La pièce d'or de 2003

La Banque centrale du Luxembourg a présenté sa nouvelle pièce d'or le 20 juin 2003.

L'avers de la nouvelle pièce en or est classique. Il arbore l'effigie de SAR le Grand-Duc Henri, reprise des pièces courantes de 1 et de 2 euros sans les 12 étoiles. Nous pouvons ici admirer le beau sablage de la partie rehaussée qui contraste agréablement avec la surface brillante. Suivent le millésime et l'indication du pays émetteur ainsi que la signature de Mme Yvette Gastauer-Claire, l'artiste du portrait grand-ducal sur les pièces luxembourgeoises en euro.

Le graphisme du revers reflète le thème de la pièce: les dates 1998-2003 montrent le cadre temporaire de l'anniversaire commémoré. Ce 5ème anniversaire est aussi reflété dans la valeur faciale de 5 euros de la pièce. Deux entités occupent ce podium d'honneur qui est une monnaie commémorative en or : d'abord la Banque centrale du Luxembourg représentée par ses deux logos : l'un étant la stylisation architecturale de son siège, l'autre l'abréviation de sa désignation qui ne se retrouve pas dans les textes légaux constitutifs, mais qui s'est rapidement enracinée dans la conscience collective luxembourgeoise; ensuite le Système européen de banques centrales (SEBC) qui est formé par la Banque centrale européenne et les banques centrales nationales des 15 Etats membres de l'Union européenne. Il est peut-être intéressant de noter que le SEBC regroupe à la fois la plus ancienne banque centrale d'Europe (la Sveriges Rigsbank, fondée en 1656) et la plus jeune (la Banque centrale du Luxembourg, créée il y a 5 ans en même temps que la Banque centrale européenne.).

Comme la pièce de 1989, celle de 2003 est frappée en or pur ; elle a un poids de 6,22 grammes, donc 1/5 d'once au titre de 999. Son tirage est de 20 000 exemplaires et sa production a été assurée par les "Staatliche Münzen Baden-Württemberg" dans les ateliers de Stuttgart.

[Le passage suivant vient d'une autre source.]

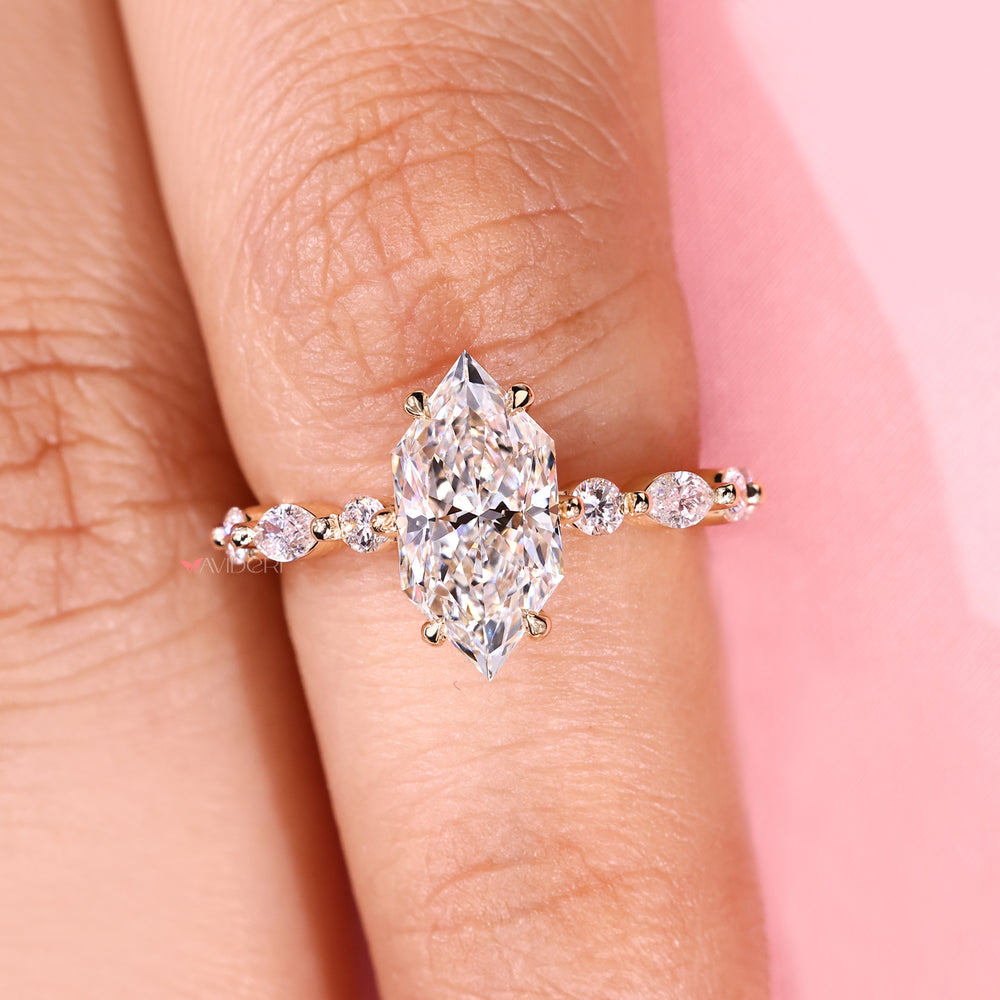 Dutch marquise diamond ring with round side stones.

Elle est disponible aux guichets de la Banque centrale du Luxembourg depuis le 24 juin au prix de 120 euros en capsule ou 125 euros en écrin.

Cette pièce constitue le point de départ d'un programme pluriannuel d'émissions numismatiques que la BCL est actuellement en train d'élaborer. La Direction de la Banque entend ainsi donner un nouveau souffle à la collection des pièces métalliques luxembourgeoises et nous positionner également en ce domaine sur le plan européen.

La séquence des émissions luxembourgeoises en or montre à quel point le rythme de la vie numismatique s'accélère dans le segment haut de gamme. Entre la monnaie de Philippe IV et la pièce de l'indépendance 357 ans se sont écoulés; 14 ans séparent la pièce de l'indépendance et celle d'aujourd'hui. La prochaine pièce est projetée pour dans un an.